%%
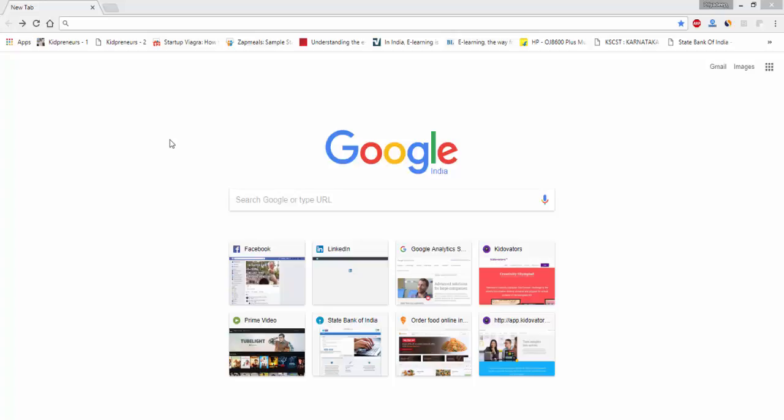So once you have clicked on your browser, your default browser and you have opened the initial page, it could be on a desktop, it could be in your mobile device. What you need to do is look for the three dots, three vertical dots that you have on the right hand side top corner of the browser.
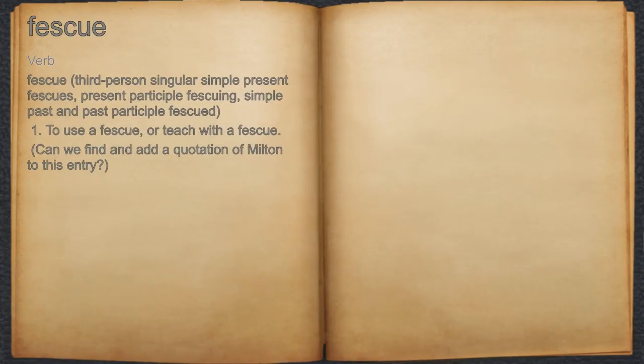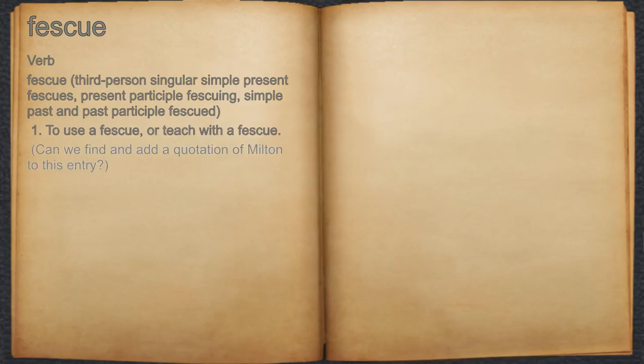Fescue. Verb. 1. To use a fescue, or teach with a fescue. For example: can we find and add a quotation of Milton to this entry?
%%
%%
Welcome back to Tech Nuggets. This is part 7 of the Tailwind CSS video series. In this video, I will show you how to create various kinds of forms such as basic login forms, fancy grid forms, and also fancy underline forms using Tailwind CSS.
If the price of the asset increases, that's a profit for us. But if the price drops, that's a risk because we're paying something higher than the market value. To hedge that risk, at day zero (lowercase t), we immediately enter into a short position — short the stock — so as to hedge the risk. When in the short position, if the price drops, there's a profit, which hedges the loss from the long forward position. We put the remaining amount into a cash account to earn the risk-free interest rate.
%%
%%
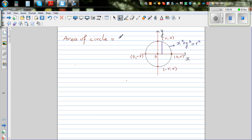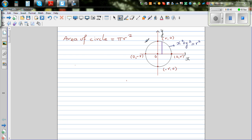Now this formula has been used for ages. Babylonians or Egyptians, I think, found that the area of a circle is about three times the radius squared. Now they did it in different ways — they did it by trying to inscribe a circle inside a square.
%%
→ ASSIGNMENT: Working from the material above, retype exactly the lines from the one with "Welcome back to" through the one with "If the price of", both included, and only those lines.

→ YOUR RESPONSE:
Welcome back to Tech Nuggets. This is part 7 of the Tailwind CSS video series. In this video, I will show you how to create various kinds of forms such as basic login forms, fancy grid forms, and also fancy underline forms using Tailwind CSS.
If the price of the asset increases, that's a profit for us. But if the price drops, that's a risk because we're paying something higher than the market value. To hedge that risk, at day zero (lowercase t), we immediately enter into a short position — short the stock — so as to hedge the risk. When in the short position, if the price drops, there's a profit, which hedges the loss from the long forward position. We put the remaining amount into a cash account to earn the risk-free interest rate.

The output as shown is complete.